Newly released documents show that President Donald Trump still has a direct connection to his business interests through a revocable trust. The trust is legally controlled by his oldest son and a longtime executive of the Trump Organization.
President Trump is the sole beneficiary of the trust and retains the legal power to revoke it at any time, according to documents obtained through a public records request. Published online by the investigative news service ProPublica, the documents show that the Donald J Trump Revocable Trust, tied to his social security number as the taxpayer identification number, was amended three days before his inauguration.

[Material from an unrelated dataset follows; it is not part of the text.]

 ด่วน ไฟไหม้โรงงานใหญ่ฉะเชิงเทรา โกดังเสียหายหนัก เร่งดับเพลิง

A January 27 letter to the Washington liquor board notes the new trustees of the trust, Donald Trump Jr. and Allen Weisselberg. The documents were filed with the Alcoholic Beverage Control Board in Washington in order to inform the board overseeing Trump’s D.C. hotel’s liquor licenses of the change in the business. The hotel opened last fall in the federally owned Old Post Office building, which has a provision in the lease that prohibits an elected official from benefiting from the property.
The trust’s purpose, according to the documents, is “to hold assets for the exclusive benefit of Donald J. Trump,” who “has the power to revoke the Trust.” The trust contains a mixture of cash from Trump’s sale of stock over the summer, as well as his physical and intellectual properties–including the Trump Tower in New York, Mar-a-Lago in Florida, and branding rights.

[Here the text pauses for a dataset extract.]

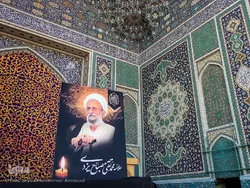 Maschhad nimmt Abschied von Allama Misbah Yazdi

Ethics advisors that served under Barack Obama and George W. Bush have said that Trump has not properly distanced himself from potential conflicts of interest. While he has promised he will build a wall between him and his businesses, he retains ownership of it and will personally benefit if the business profits from decisions made by his administration.
Previous presidents have set the precedent to sell off their holdings and place the cash into a truly blind trust, not overseen by a family member before taking office, though there is not legal requirement to do so.